In today’s day and age people usually take on a lot more than they can handle. The first task is okay, the second gets a little harder, but as the third, fourth, fifth, and sixth start piling on one gets overwhelmed and ends up crashing! Well the same thing happens to websites, when they are hit with a Distributed Denial of Service attack. A specific attack that relates to this situation is the HTTP Flood.
The HTTP Flood is a common layer 7 attack used when performing DDoS. In general effective layer 7 attacks require the attacker to have a better understanding of the website and its functionalities. The reason being is that there will be a specific attack created for the website being targeted. This is why an HTTP Flood typically requires less bandwidth than other attacks. This specific attack could also be referred to as a HTTP GET Flood attack, and for good reason as it uses valid GET requests to retrieve information. This is just one method of HTTP Floods, as they could also be performed with PUT, POST, and other methods. If you think about GET Floods from a less technical standpoint, you will notice that valid GET requests are being made at an extremely high volume so much so that the server cannot react quick enough to all requests.
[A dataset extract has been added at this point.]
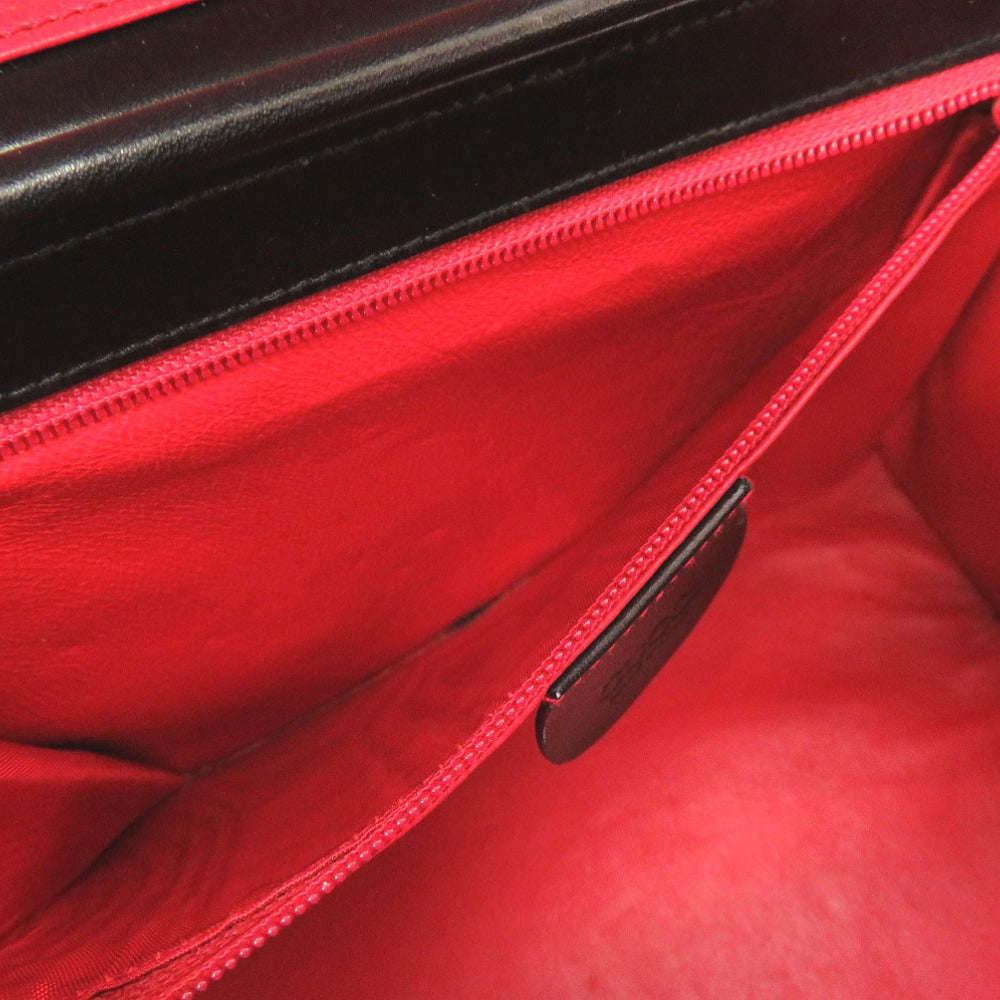 GUCCI Handbag 000 01 0246 leather black Ready lock Women Used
Considering the accessibility and low level of attack difficulty the requests made are usually for specific and complex information in order to overwhelm the CPU and server memory. The high volume of requests usually means botnets are utilized for this type of an attack. This enables a large volume of requests to be sent out, resulting in the website being overwhelmed a lot quicker.
To think about this from a less technical perspective lets imagine a retail store clerk. In this example the clerk will be the web-server and the customers will be sending GET requests for store items. A customer may come in and request for a product and easy enough the clerk will head to the product location and return with the request fulfilled.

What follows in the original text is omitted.